His presentation “Engaging businesses in sustainable technology: the human factor” looked at the human side of sustainability. ICT has a huge share of global electricity usage. The study referenced projected usage at 50% in 2030 in the worst case and 20% in the expected case, equal to 1/5th of world electricity consumption.
The ICT sector and systems are becoming ever more complex and more transparency needs to be achieved between the different levels, how they communicate and how they logically interact with each other to be able to design for more energy efficient operation. In the end, the saying that a machine is only as efficient as its operator is true even though this is becoming less so with smart tools.
START2ACT is an EU funded project under the Horizon 2020 framework programme. The mission is to increase ICT efficiency on ICT and office equipment in young SMEs and start-ups. Scientific background studies have shown that it is possible, through behavioural change only to reduce energy consumption by 20%. ICT and office equipment are focused on in the project, as this is the fastest growing energy using sector, and SMEs as, not only are they the backbone of the ecosystem, but only 2/3 have rules or devices for energy savings in place.
The methods adopted over the three-year lifetime of the project are aimed at actively supporting SMEs and start-ups in 9 European countries. This is carried out through on-site consultancy and mentoring programmes, as well as online resources. A monitoring scheme is also in place that is administered to the participants of the on-site training sessions and the feedback from these surveys helps not only improve performance but also put forward relevant findings.

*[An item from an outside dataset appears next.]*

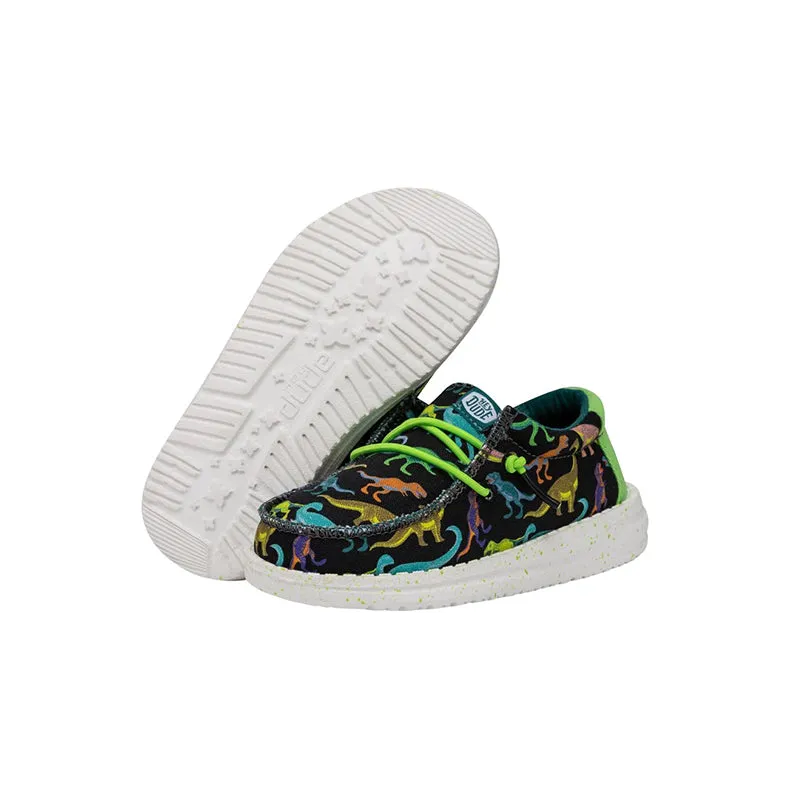 Kid's Preschool Wally Dino Black/Lime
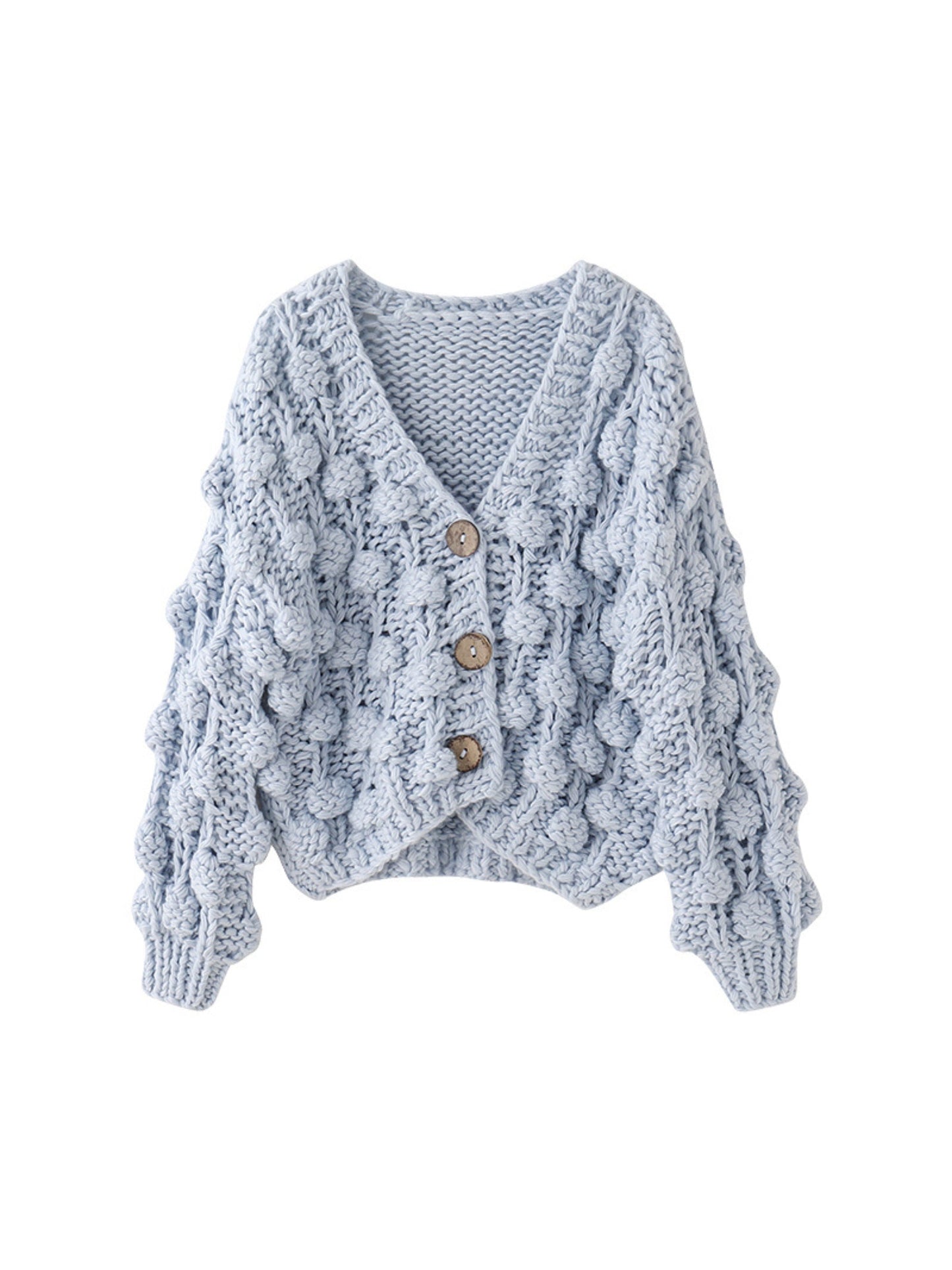 Roze Popcorn Gebreide Cardigan voor Dames - Handgemaakt en Comfortabel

When a business wants to bring forward a proposal to reduce energy consumption in their company, this can often be effectively achieved, and it is advised to achieve this, by stimulating norms in a company to declare corporate commitment to energy/environmental efficiency. The content of the corporate commitment should mostly contain objectives and goals, quantitative targets, share commitment on corporate agreements (such as standards, or statements from the European Commission). It should also detail how the company will support this strategy and, on the other hand, how employees can also support the strategy to bring the company forward. It can be decided whether to publish the document internally, or externally. When published externally, it can be a powerful marketing tool.
About norms for the studies carried out on the companies, it was shown that people already considered that they had a role to play in the company to save energy. When asked if it was a company norm to save energy there was also agreement, although this was not as strong. So how do we involve employees? The community aspect is important. This is important for managers or team leaders to recognize as it is a way of involving employees in the project.
Apparently, people find it important to share objectives with their colleagues, so obviously a community aspect comes into play. People see the influence that they have. There is also evidence that it is not only the economic aspects that are important, but also the environmental, social and justice reasons which may even weigh more. This is basically because if a person acts pro-environmentally they perceive themselves as eco-friendly which in turn generates a feeling of wellbeing.
Daniel went on to present the portfolio of the project which includes on-site support to young SMEs and Start ups, the mentoring of start-ups through partnerships with incubators and accelerators and business breakfasts with young SMEs (now over in most countries).
The Project has also incorporated on-line tools such as e-learning, a START2ACT challenge run on social networks and a forum where interested parties could interact with the community and ask for advice from experts. Finally, as part of its online presence, the Project has developed a knowledge tree with tailored information.